__Work to be completed__
Print every record exactly, omitting all pictures.

__Listed records__
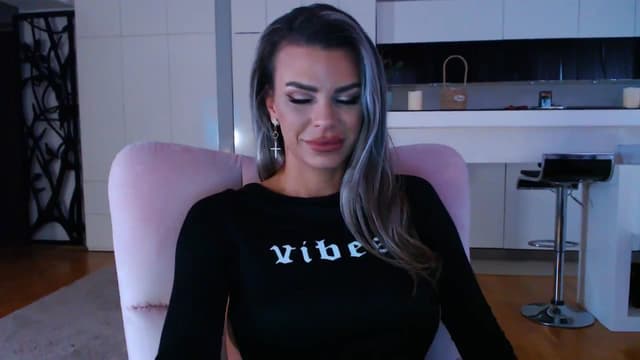 Gallery image thumbnail from D_y_y's myfreecams stream on, 05/26/2025, 05:15 image 16 of 20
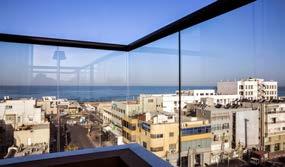 Hotel: Entspannen Sie sich in einem hochwertigen, modern gestalteten Hotel. Erleben Sie wunderschöne Sonnenuntergänge im Herzen von Tel Aviv.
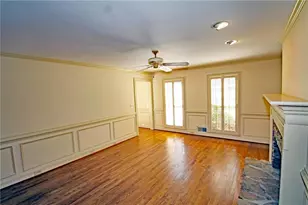 2070 Shallowford Park Manor, Roswell, GA 30075 - Photo 5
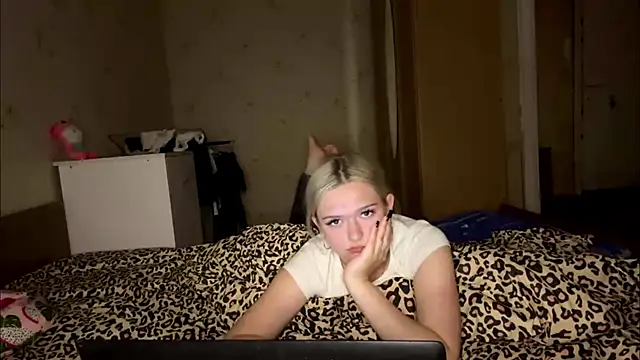 Sophia_Blonde's Live XXX Chat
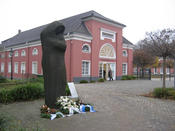 Gedenkhalle Oberhausen Außenansicht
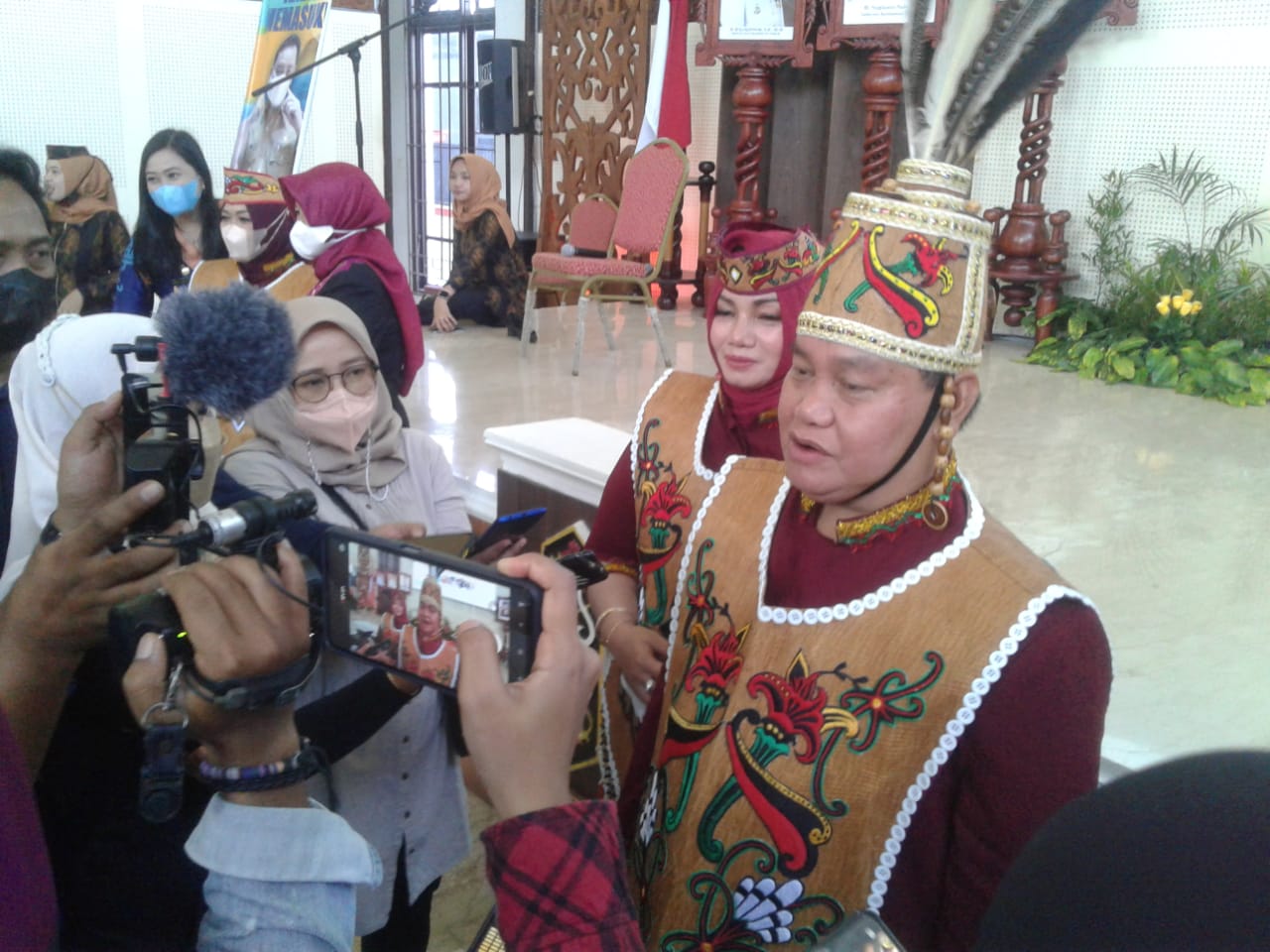 DIWAWANCARAI: Bupati Kabupaten Kotim H Halikinnor didampingi Wabup, Irawati saat diwawancari oleh awak media, belum lama ini.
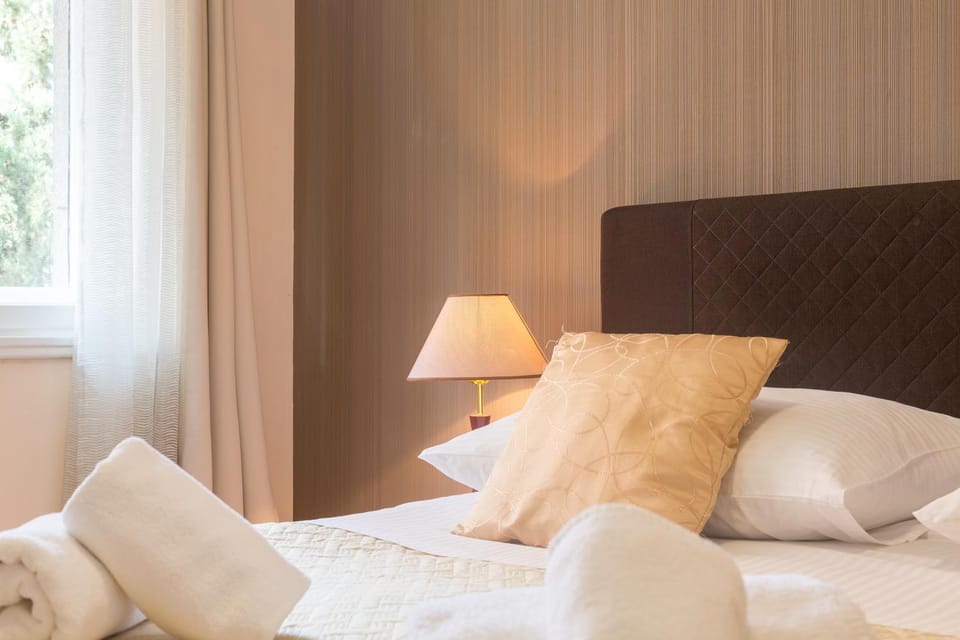 Bed, Decorative detail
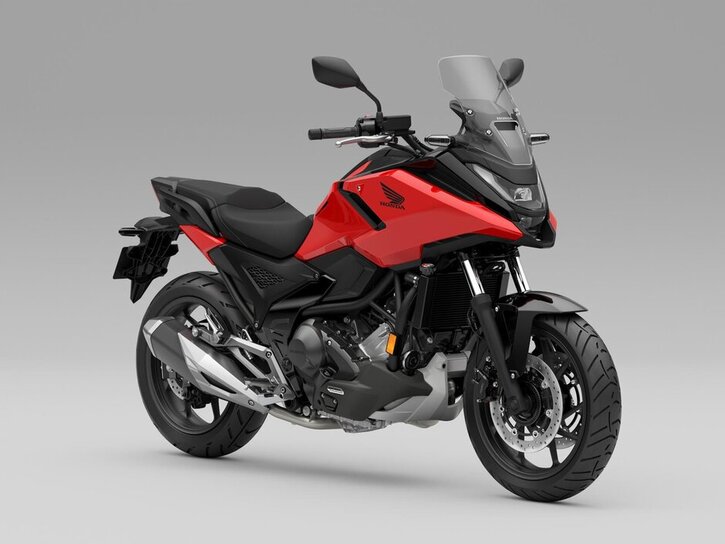 25YM 01 NC750X FIGHTING RED DCT aws 02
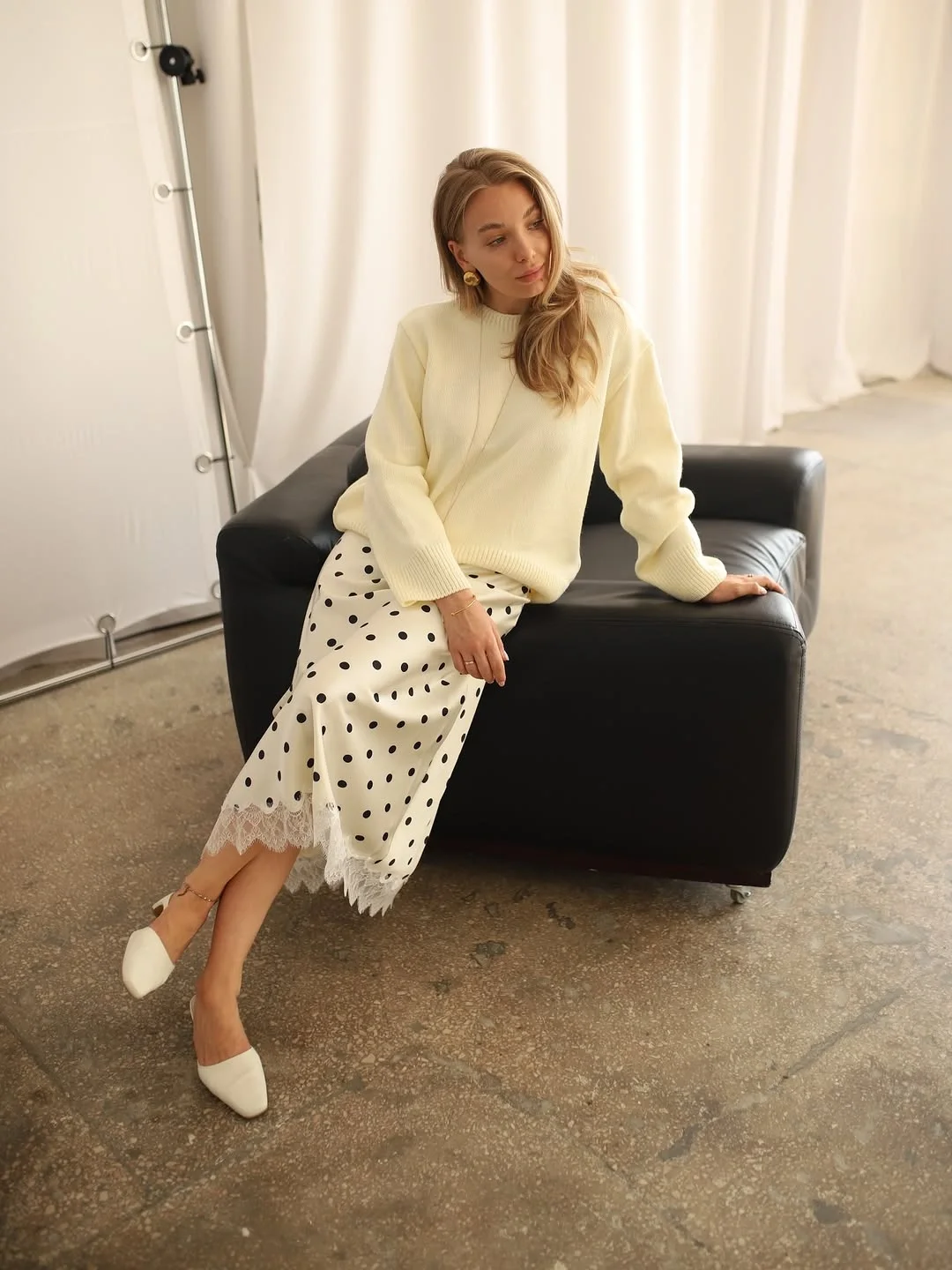 midi skirt fall outfit 2026 Soft Polka Dots With Cozy Knit Layers
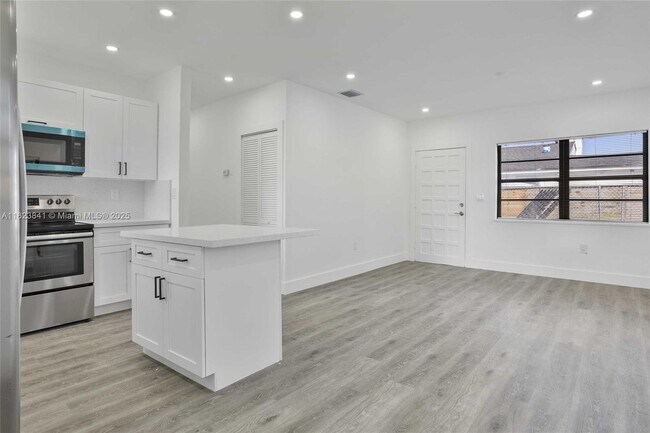 Foto del edificio - 2724 SW 34th Ct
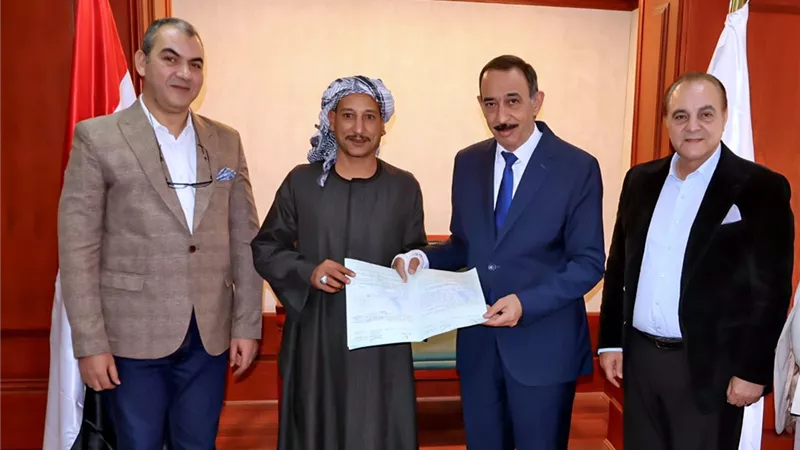 محافظ سوهاج يسلم أول عقدين للمتقدمين عبر المنصة الوطنية لتقنين أملاك الدولة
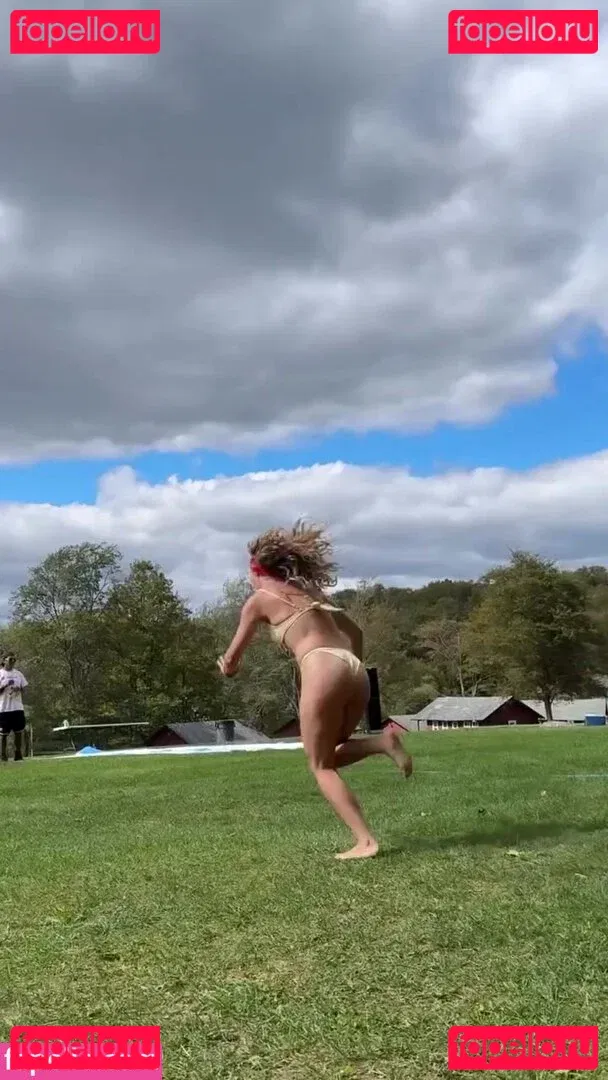 Brec Bassinger Onlyfans Photo Gallery 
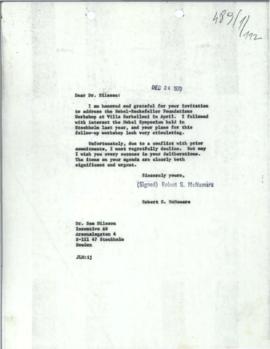 President's papers - Robert S. McNamara IPA Chronological files (outgoing) - Chrons 04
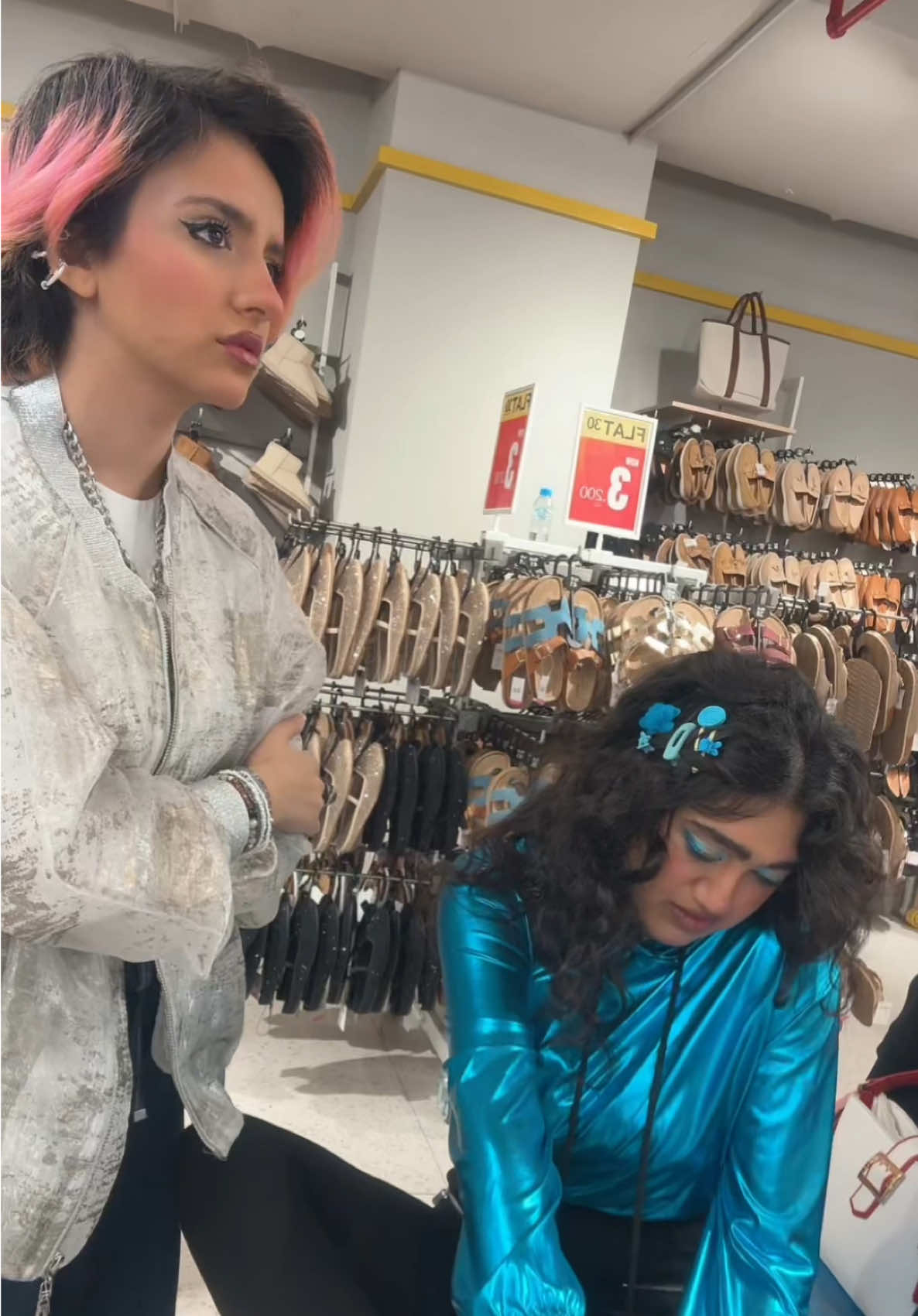 متتت💀😂@m13👼🏼  __________ #شعب_الصيني_ماله_حل😂😂 #مالي_خلق_احط_هاشتاقات🧢 #اغوى_كويتيين🇰🇼 #fyp #ترندات_تيك_توك 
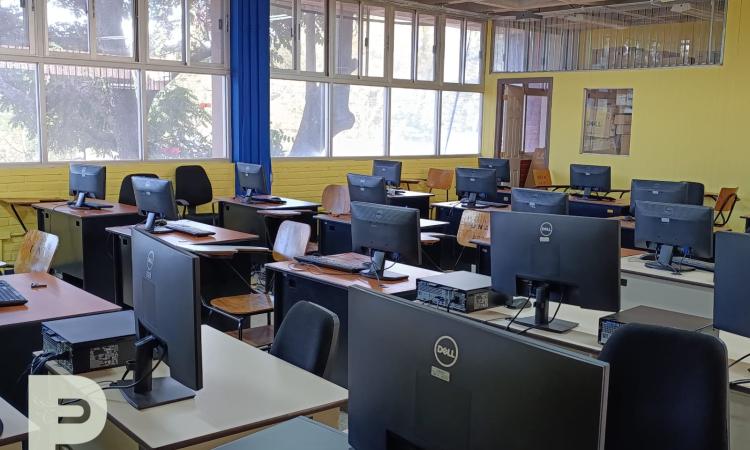 Inauguran cinco modernas aulas tecnológicas para fortalecer el nuevo plan de estudios de la Carrera de Ingeniería Civil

__Output__
 Gallery image thumbnail from D_y_y's myfreecams stream on, 05/26/2025, 05:15 image 16 of 20
 Hotel: Entspannen Sie sich in einem hochwertigen, modern gestalteten Hotel. Erleben Sie wunderschöne Sonnenuntergänge im Herzen von Tel Aviv.
 2070 Shallowford Park Manor, Roswell, GA 30075 - Photo 5
 Sophia_Blonde's Live XXX Chat
 Gedenkhalle Oberhausen Außenansicht
 DIWAWANCARAI: Bupati Kabupaten Kotim H Halikinnor didampingi Wabup, Irawati saat diwawancari oleh awak media, belum lama ini.
 Bed, Decorative detail
 25YM 01 NC750X FIGHTING RED DCT aws 02
 midi skirt fall outfit 2026 Soft Polka Dots With Cozy Knit Layers
 Foto del edificio - 2724 SW 34th Ct
 محافظ سوهاج يسلم أول عقدين للمتقدمين عبر المنصة الوطنية لتقنين أملاك الدولة
 Brec Bassinger Onlyfans Photo Gallery 
 President's papers - Robert S. McNamara IPA Chronological files (outgoing) - Chrons 04
 متتت💀😂@m13👼🏼  __________ #شعب_الصيني_ماله_حل😂😂 #مالي_خلق_احط_هاشتاقات🧢 #اغوى_كويتيين🇰🇼 #fyp #ترندات_تيك_توك 
 Inauguran cinco modernas aulas tecnológicas para fortalecer el nuevo plan de estudios de la Carrera de Ingeniería Civil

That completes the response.